5. Proceed to quality improvement and population health management.
This five-step sequence cannot be completed overnight, Weiner noted. Yet he's encouraged by the fact that 75% of physicians now have EHRs. Most of that adoption has occurred within the past three years, so we have to be patient and await the outcomes of this large-scale change, he said.
Claims data is not the only route to ACO success. Jonathan Niloff, CEO of MedVentive, said in a recent webinar that a combination of billing data, Surescripts prescription fill data, and lab data can give ACOs the essential information they need, and Weiner agrees.
"An organization that fully uses all of those is off to a good start," he said. "But I'd also say that this is stage 1 of a several-step process. The things that we care about are only partially measured by those data sources."
Weiner wasn't surprised by the finding, in a recent HIMSS Analytics survey, that 35% of providers who had clinical and business intelligence applications were using them to do predictive modeling of their patient populations. Some EHR/HIS vendors have improved their analytic tools enough for providers to begin doing this, he said. However, the EHR predictive modeling tools are designed to work with claims data, not clinical data, he noted.
Weiner has considerable expertise in this field, having led the team that, many years ago, devised the Johns Hopkins adjusted clinical groups (ACG) model, which is used for both risk adjustment and predictive analysis.

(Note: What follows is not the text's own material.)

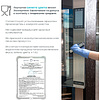 Перчатки латексные HQ Profiline, р-р S, с х/б покрытием, зеленый - 11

Most of the leading EHR vendors, he noted, have recently contacted Hopkins and DST Health Solutions, the vendor that disseminates the ACG software.
As provider interest in ACOs and predictive modeling has grown, some EHR vendors have added modules that apply risk stratification algorithms to claims data, said Amy Salls, DST's business solutions director, decision support, in an interview. The vendors are using these analytics with ACO-contracted data from the Centers for Medicare and Medicaid Services (CMS) and third-party payers, she said.